HPCwire: How can the HPC community begin this task?
Simon: We must have an ecosystem point-of-view. We must change the hardware, the system software and the applications all at once, not one thing at a time. DARPA HPCS is trying to do this but it's too soon to tell if they will be given enough investment to make it happen. There is no compelling economic force yet to motivate this shift. Clusters and MPI are fine for most things. I'm concerned that the success of clusters will starve the high end, and that government high-end requirements will be increasingly disjointed from the mainstream HPC market.
HPCwire: As you mentioned earlier, more and more sites are joining the "petaflop club," not just in the U.S. but also across the world. This is costing $100-200 million or more per system. How much of this is driven by scientific requirements, and how much by the need for nations and supercomputing sites not to be left behind in the race?

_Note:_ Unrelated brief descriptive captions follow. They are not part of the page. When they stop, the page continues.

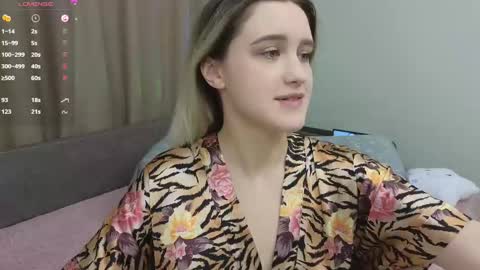 Dusya online show from 02/23/25, 10:17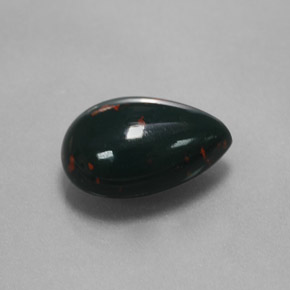 3.23カラットの天然斑点のある緑ブラッドストーン（12×8.3 mm・洋梨の形）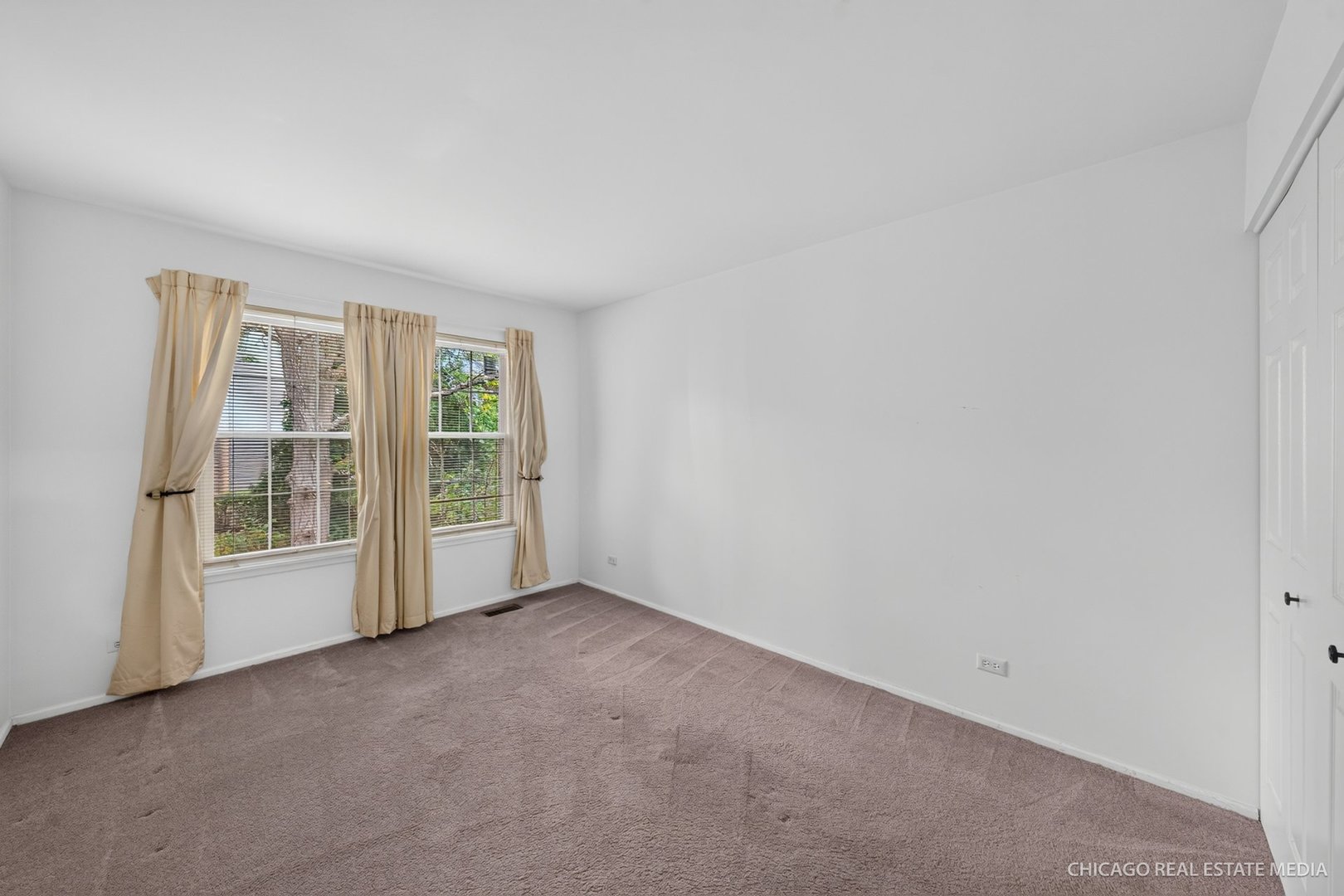 518 Palm Court Property Photo 15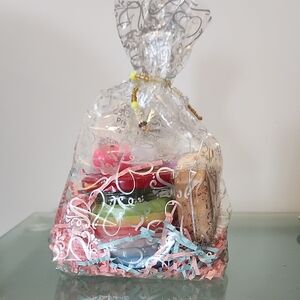 Assorted Women’s Or Girl's Gift Set
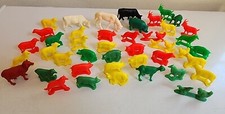 VTG FARM ANIMALS Plastic Toy Figures Lot Of 40 Bright Colors Pigs Sheep Chick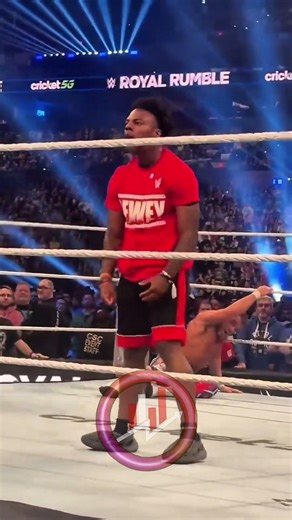 Speed Gets Choke Slammed! 💀😬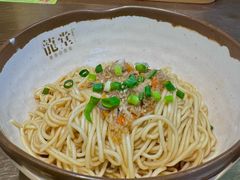 -龍堂蟹黄小笼包(万家丽店)
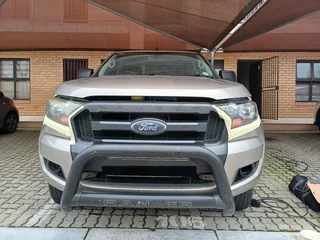 Headlight cleaning service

Simon: There are definitely some strong scientific drivers, although I wish these initiatives would be even more science-driven. We as a community are focusing first on the hardware, then a little on system software. We can't leave the applications behind as we design innovative hardware. The danger is that funding real production systems based on HPCS may be seen as too expensive and too power-consuming.
HPCwire: Which scientific disciplines and applications are likely to benefit first from petascale systems?
Simon: One application in the general scientific world that really needs to be pushed forward is climate modeling. This is very crucial not just for the scientific community, but for the world community. Based on a recent workshop on petascale computing for the geo-sciences, it is clear we haven't come close to the grid resolution that's needed. Because of the need to understand climate change, we need to invest in this as a societal issue, not just because it is an important scientific problem. It would have an incredible impact.
I'm also very concerned about energy production. I believe the ITER fusion project is coming just in time, and it will easily require petascale computing. There are also other challenging areas of energy research, such as converting solar to chemical energy. Nanoscience could also provide feasible paths to energy solutions, and computer simulation will help accelerate the path to innovation.
HPCwire: The Earth Simulator showed that the models can sometimes be broken at large scale. How serious is the problem with scaling today's algorithms?
Simon: This is quite a serious problem. Current systems provide an interconnect that gives the applications developer a notion of complete connectivity. In a fat tree topology, you don't really have to be concerned about latency too much. When you scale to 100,000 processors and beyond, however, the interconnects will have to be low-degree or grid interconnects. You can't afford fat trees at this scale. Latency will become a very big issue, and many algorithms haven't thought about this. Current applications software has been driven by MPI for 15 years. We need to the revisit whole issue of mapping applications to machines.